Amir al-Hajj
- In office 1083 – 1084

Personal details
- Born: unknown date Khakestar
- Died: 1084 Isfahan, Seljuk Sultanate
- Cause of death: Tuberculosis
- Awards: Honored by dressing in a Hil'at by Caliph al-Muqtadi

Military service
- Allegiance: Seljuks
- Years of service: 1084 (end of active service)
- Rank: Commander

= Savtegin =

11th-century officer and Amir al-hajj

Savtegin (d. 1084) was a prominent emir of the early Seljuk Empire, during the reigns of Tughril I, Alp Arslan, and Malik-Shah I. His full name in Arabic, as given by Münejjim Bāshī Ahmad Effendi, was 'Imād ad-Dawlah Sarhang Sāw Takīn. He first appears in sources during the reign of Tughril I, when he was sent as an ambassador when rumors arose that Ibrahim Yinal would rebel. He later took part in the campaign against Arslan Besasîrî, a Turkic commander under the Buyids who had captured the Abbasid caliph al-Qa'im. Arslan Besasîrî was killed in battle on 18 January 1060. Later, in April–May 1061, Savtegin was part of the delegation sent to Baghdad to negotiate a marriage between Tughril and al-Qa'im's daughter Sayyida (Arslan Khatun, daughter of Tughril's brother Chaghri Beg, and the vizier Amid al-Mulk Kondori were also part of this delegation).

After Tughril's death in 1063, the vizier Amid al-Mulk installed Chaghri Beg's son Sulayman on the throne, but Alp Arslan and Qutalmish each also claimed the throne. Savtegin backed Alp Arslan, who defeated Kutalmish and became sole ruler in January 1064. After this point, Savtegin is given the title "emir" in sources and is described as one of the leading men in the Seljuk state. Later, Savtegin was part of a delegation sent to meet with the Byzantine emperor Romanos IV Diogenes in the lead-up to the Battle of Manzikert in 1071. Savtegin also participated in the battle at Manzikert.

After Alp Arslan's death in 1072, his son Malik-Shah succeeded him but was contested by his uncle Qavurt.

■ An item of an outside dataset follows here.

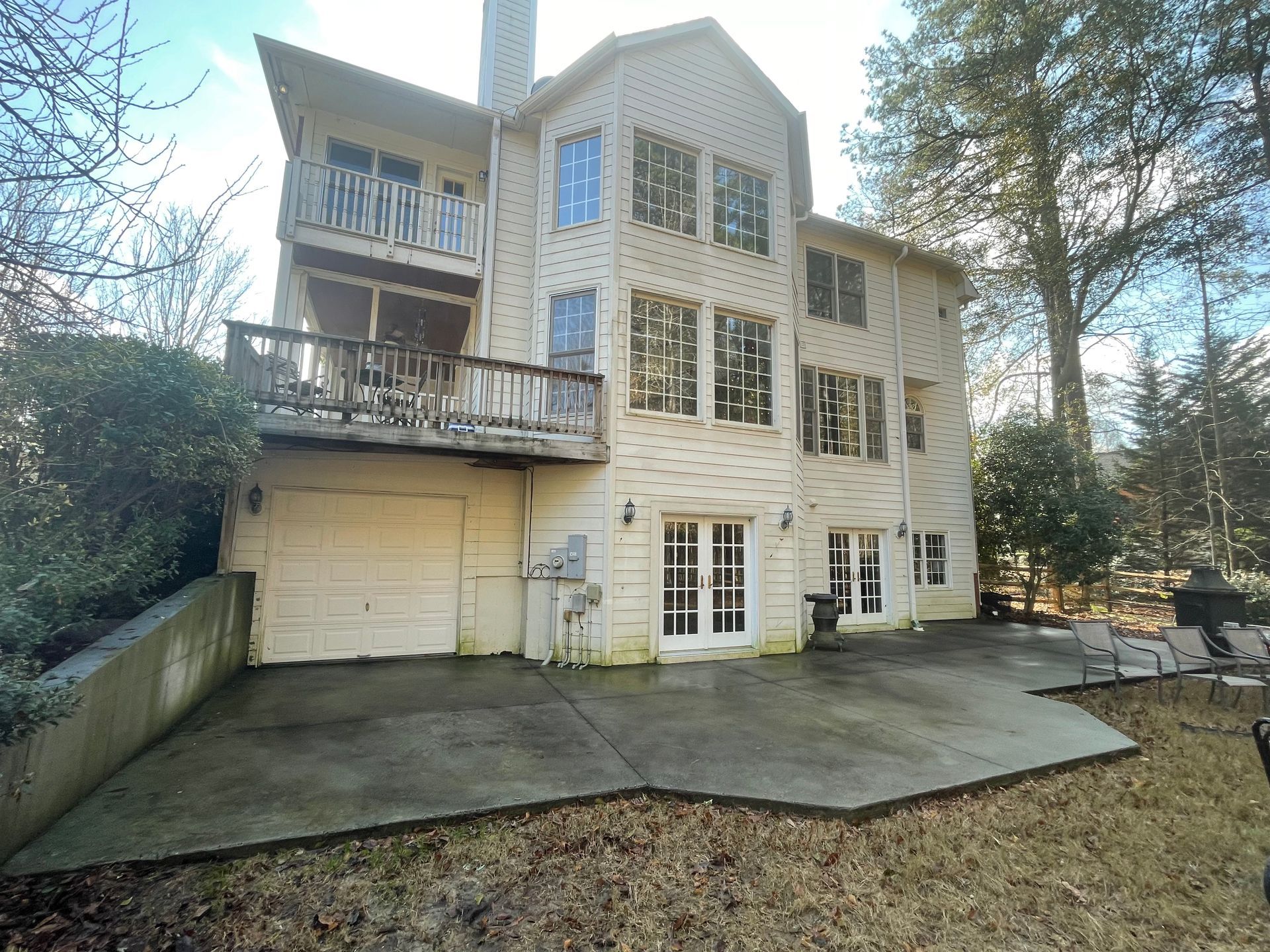 A concrete walkway leading to the front door of a house.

Savtegin was the leading commander on Malik-Shah's side, which ended up victorious. Savtegin later participated in campaigns under Malik-Shah against the Karakhanids, in Ganja and Arran, and in Georgia. Malik-Shah appointed him (or someone else with the same name) governor of Termez when he captured the city in 1073. Malik-Shah later appointed Savtegin amir al-hajj in 476 AH (1083-84 CE). He was received by the Abbasid caliph al-Muqtadi in Baghdad on 17 April 1084, who honored him by dressing him in a hil'at.

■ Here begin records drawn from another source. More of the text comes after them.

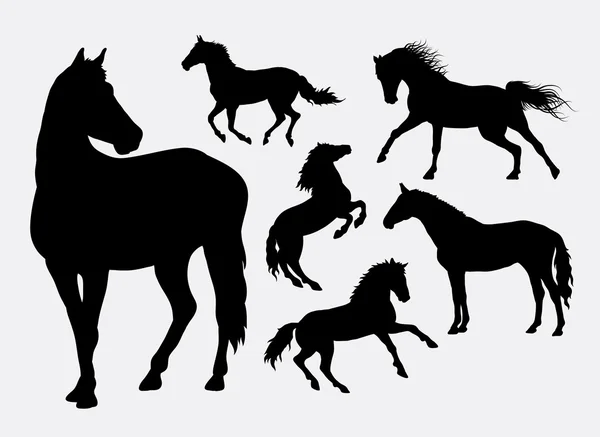 Horse silhouettes — Stock Vector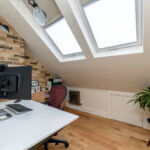 Modern loft conversion office with skylights, brick wall, and wooden floors. Perfect home workspace transformation.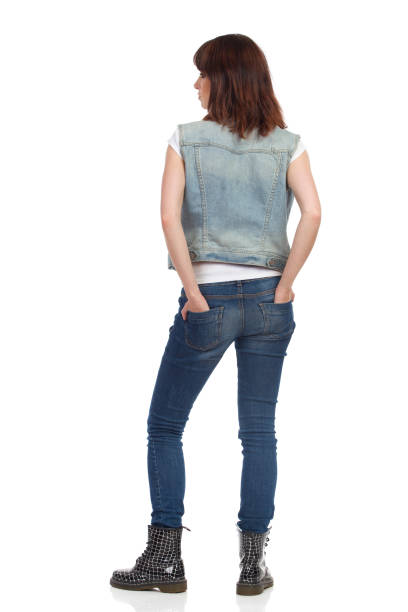 istock Young Relaxed Woman Is Standing And Looking Away. Rear View. 903964706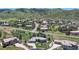 Aerial view of property showcasing the beautiful home and neighborhood nestled against mountain views at 10950 Elk Horn Run, Littleton, CO 80125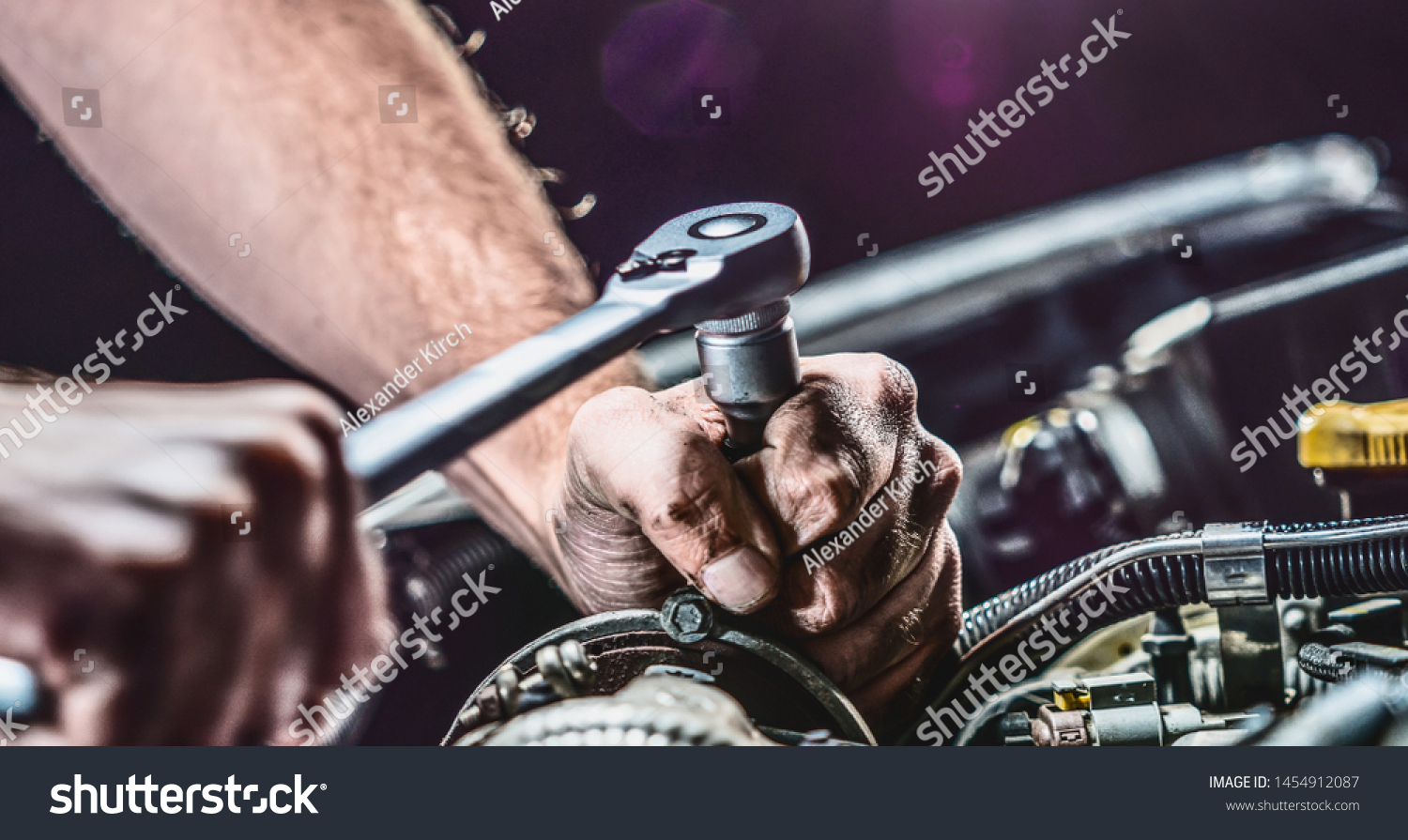 Auto mechanic working on car engine in mechanics garage. Repair service. authentic close-up shot #1454912087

Not long after, though, Savtegin came down with tuberculosis. He hurried back to Isfahan, where he died on a Friday in September or October 1084. He left behind a massive fortune: two million dinars, 15,000 items of clothing (including 9,000 made of Greek silk), 5,000 horses, 1,000 camels, and 30,000 sheep. This is not including land, weapons, or other possessions. At some point, Savtegin also founded a ribat in Hakister, where he was born.